In my early life as a lubrication and power engineer, I worked at refineries in Ontario which were “simple” refineries. This meant they could not process heavy or sour crude. And those light and sweet crudes from Alberta are still available but in lesser quantities.
And as a matter of interest the oil from Hibernia off the coast of Newfoundland is light and sweet. And if you are really interested those Ontario refineries that were near Toronto are all gone. They disappeared when natural gas replaced fuel oil. And they could not process the crude oil that would be coming from the tar sands of Alberta.
The Alberta Tar Sands (they like to be called the Oil Sands) is at the centre of Canadian economic and political life. It is so easy to be a minor political party. So easy to want to close down the tar sands and turn the market over to Venezuela and Mexico. I mean who really cares about the millions of dollars per day that the federal and Alberta government have at stake when it comes to getting our oil to market.
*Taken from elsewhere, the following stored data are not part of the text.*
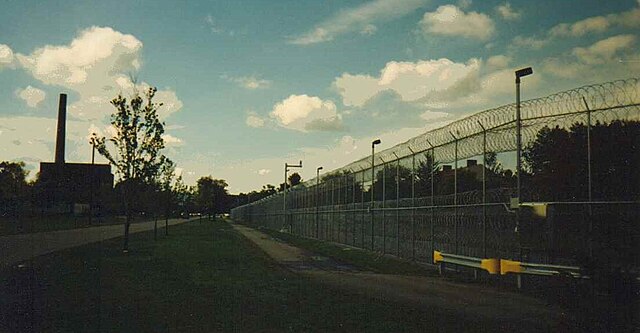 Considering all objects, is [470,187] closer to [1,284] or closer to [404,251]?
[404,251]

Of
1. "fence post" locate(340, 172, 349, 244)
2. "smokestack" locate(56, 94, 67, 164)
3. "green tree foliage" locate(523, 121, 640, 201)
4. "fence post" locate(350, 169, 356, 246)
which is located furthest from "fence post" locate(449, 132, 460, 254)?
"smokestack" locate(56, 94, 67, 164)

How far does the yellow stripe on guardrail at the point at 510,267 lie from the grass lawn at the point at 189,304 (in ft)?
10.2

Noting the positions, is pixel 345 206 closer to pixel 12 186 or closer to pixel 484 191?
pixel 484 191

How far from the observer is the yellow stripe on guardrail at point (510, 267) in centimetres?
1224

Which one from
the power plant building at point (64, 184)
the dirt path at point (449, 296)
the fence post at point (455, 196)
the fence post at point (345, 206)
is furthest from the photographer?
the power plant building at point (64, 184)

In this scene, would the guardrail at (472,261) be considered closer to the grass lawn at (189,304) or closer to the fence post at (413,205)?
the grass lawn at (189,304)

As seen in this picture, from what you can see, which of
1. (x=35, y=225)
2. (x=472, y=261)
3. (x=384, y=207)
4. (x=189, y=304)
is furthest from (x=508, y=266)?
(x=35, y=225)

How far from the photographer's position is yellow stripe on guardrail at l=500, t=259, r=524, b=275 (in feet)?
40.2

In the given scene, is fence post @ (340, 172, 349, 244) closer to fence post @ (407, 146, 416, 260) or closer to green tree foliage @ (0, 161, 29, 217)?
fence post @ (407, 146, 416, 260)

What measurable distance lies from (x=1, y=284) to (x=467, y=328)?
9.60m

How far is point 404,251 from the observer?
20719 millimetres

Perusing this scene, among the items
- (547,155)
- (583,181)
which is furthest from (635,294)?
(547,155)

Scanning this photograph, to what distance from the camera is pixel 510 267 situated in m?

The attached shows where the tar sands exist in Alberta.
The bunker fuel oil I sold in 1959 was the residual bunker fuel from the old Cities Service Oil Company in Bronte Ontario, and it was low in sulphur. It could be sold today to the cargo ships that want low sulphur bunker. But bunker fuel oil from conventional crude is like the bituminous content of the tar sands. Neither can be transported unless they are either diluted or heated.
The diagram explains how the bitumen from the tars sands are exploited. Not simple, because the tar sands are only about 10% bitumen and the rest a mix of water, sand, clay and other goodies.
The stuff from down deep is heated with steam and brought to the surface and put through a process that not only removes the sand and water but produces more light crude and less sulphur. It is referred to as synthetic crude. The stuff that is mined on the surface is just diluted with lighter material that makes it pumpable.
The final product that is shipped to refineries in Canada and the United States is a blend of conventional oil, diluted bitumen and synthetic crude. It is called Western Canadian Select (WCS). And it is a high sulphur product. But all the refineries being built today can handle heavy and sour crude because the supply of the light sweet stuff is in decline.
Our WCS is discounted in price because of its sulphur content and because it is so hard to take to market with the lack of pipelines. We have the debate over the expansion of the Trans Mountain pipeline and this is all about Canadian politics and court delays.
This does not mean the environmentalists do not have a case. When conventional oil spills on water it floats on the surface. Spill crude from the tar sands and the heavy stuff sinks to the bottom. Serious pooh. The before and after photo makes another point. Not pretty.